= Captioned web images =
===============
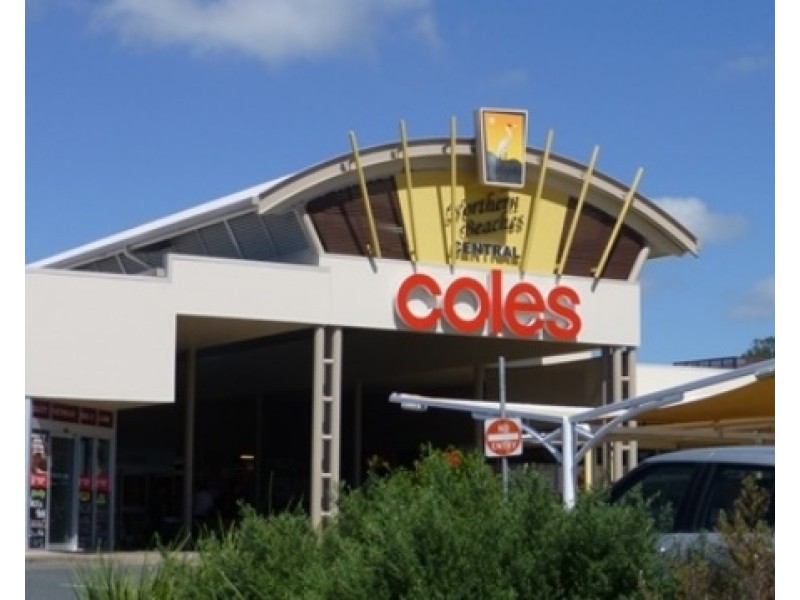 41 Montgomery Street, Rural View QLD 4740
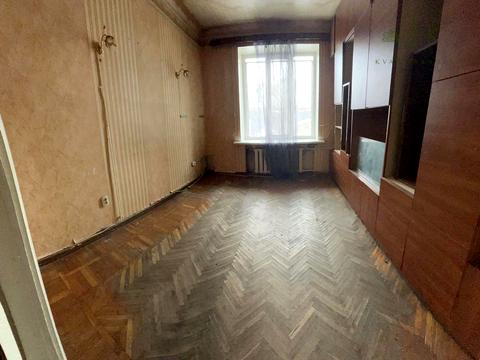 квартира за адресою Кузнечная, 32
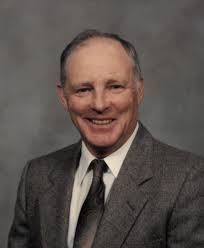 John "Jack" Deshane Obituary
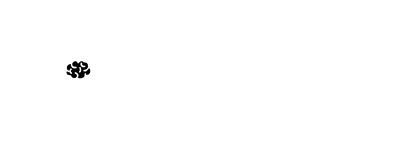 droahacks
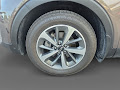 2019 Kia Sorento EX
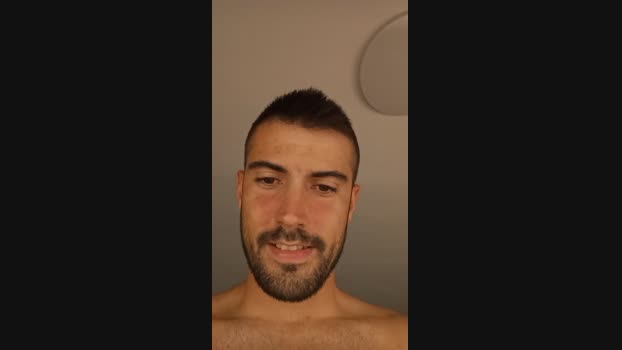 HighBoy_Hot Cam4 18-06-2024 Males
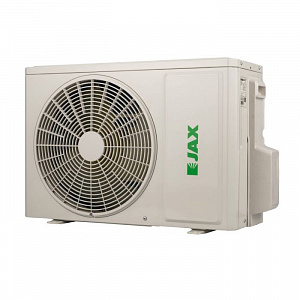 Сплит-система JAX серии MELBOURNE ACM-10HE комплект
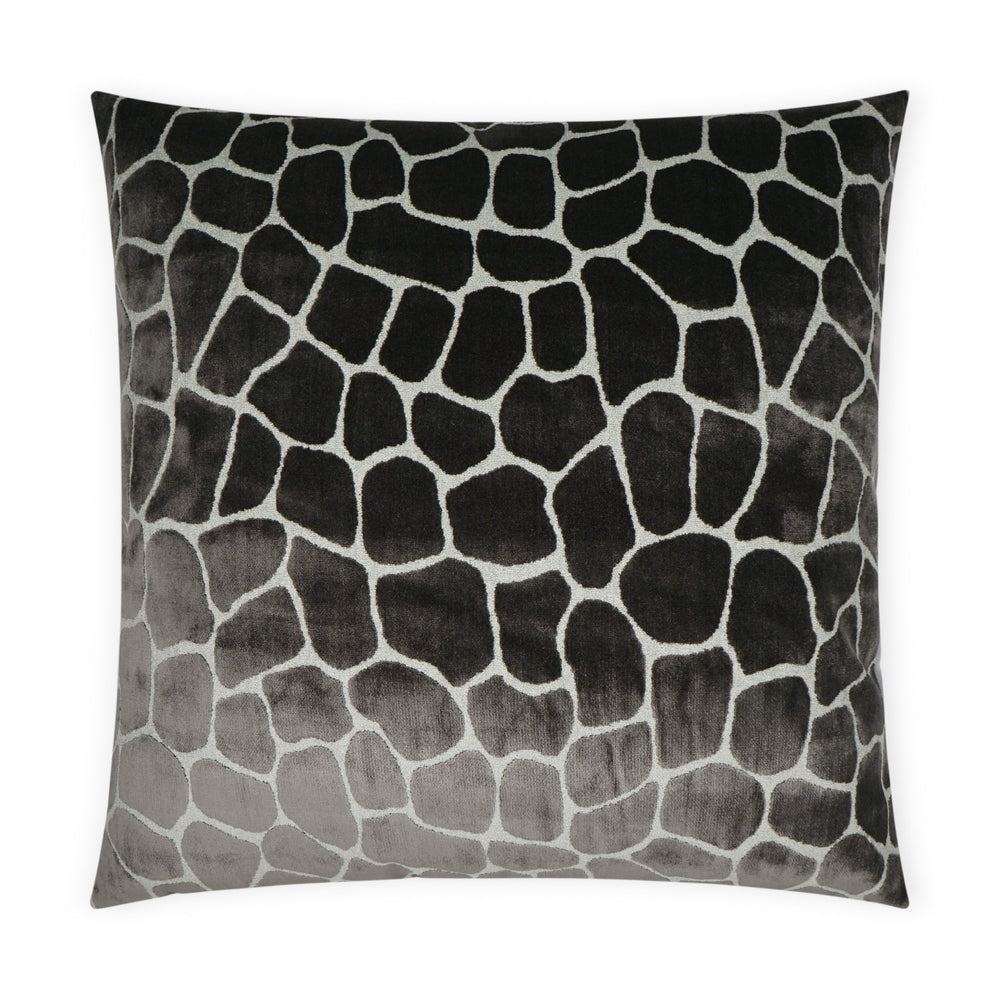 Dv Kap Melman Pillow
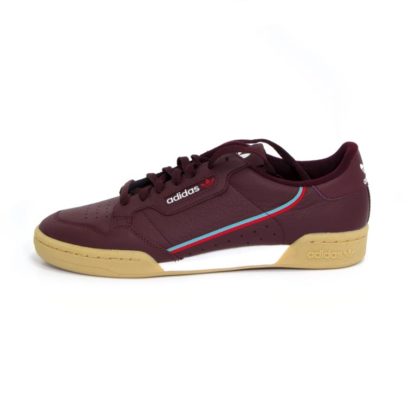 VIN052-(SIDE)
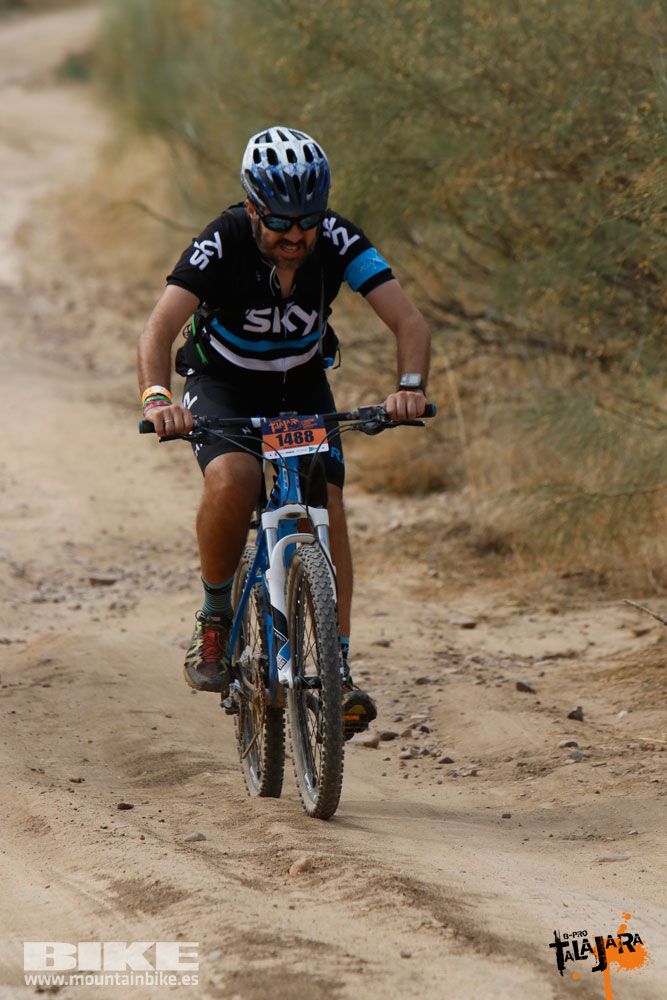 Talajara B-Pro 2017. Galeria 20
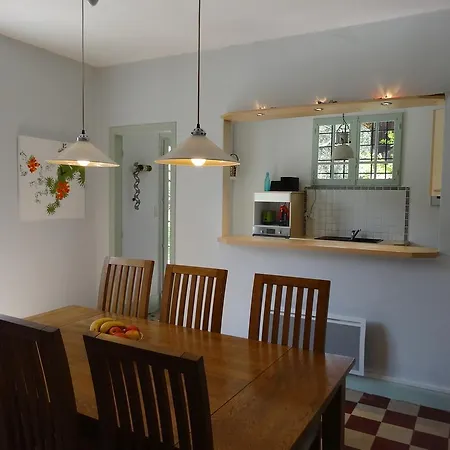 Casa vacanze Maple *
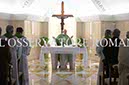 %_tempFileName00135_16062017%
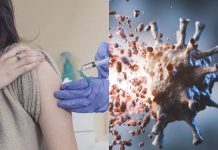 कोरोना वैक्सीन लगवाने से पहले कैंसर के मरीज जान लें किन बातों का ध्यान रखना है जरूरी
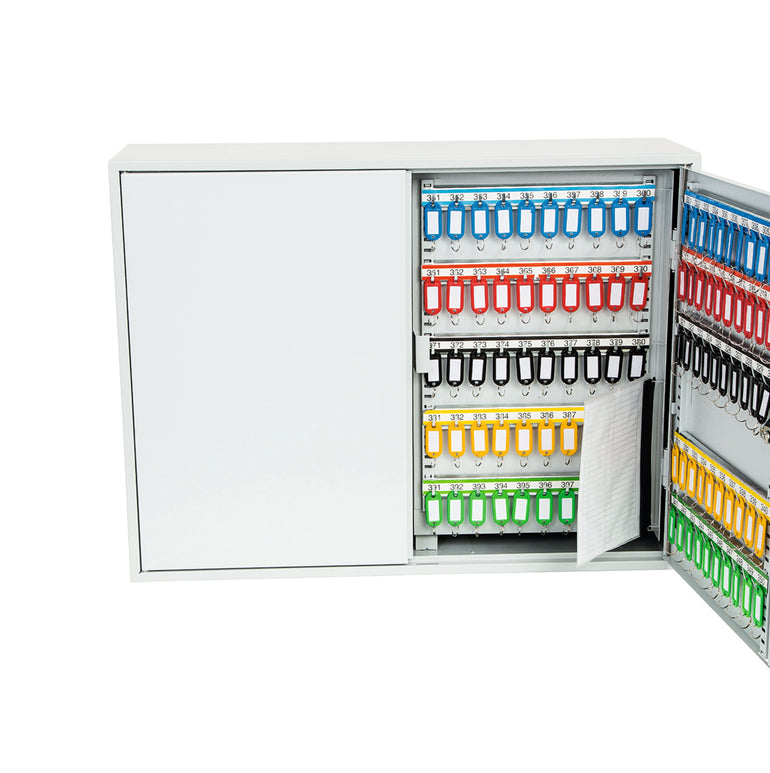Phoenix Commercial Key Cabinet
===============
= Goal of the exercise =
Write out, word for word, the lines from the first line of the entries through the one containing "VIN052-(SIDE)", both included. Leave out the pictures.

= Response for this exercise =
 41 Montgomery Street, Rural View QLD 4740
 квартира за адресою Кузнечная, 32
 John "Jack" Deshane Obituary
 droahacks
 2019 Kia Sorento EX
 HighBoy_Hot Cam4 18-06-2024 Males
 Сплит-система JAX серии MELBOURNE ACM-10HE комплект
 Dv Kap Melman Pillow
 VIN052-(SIDE)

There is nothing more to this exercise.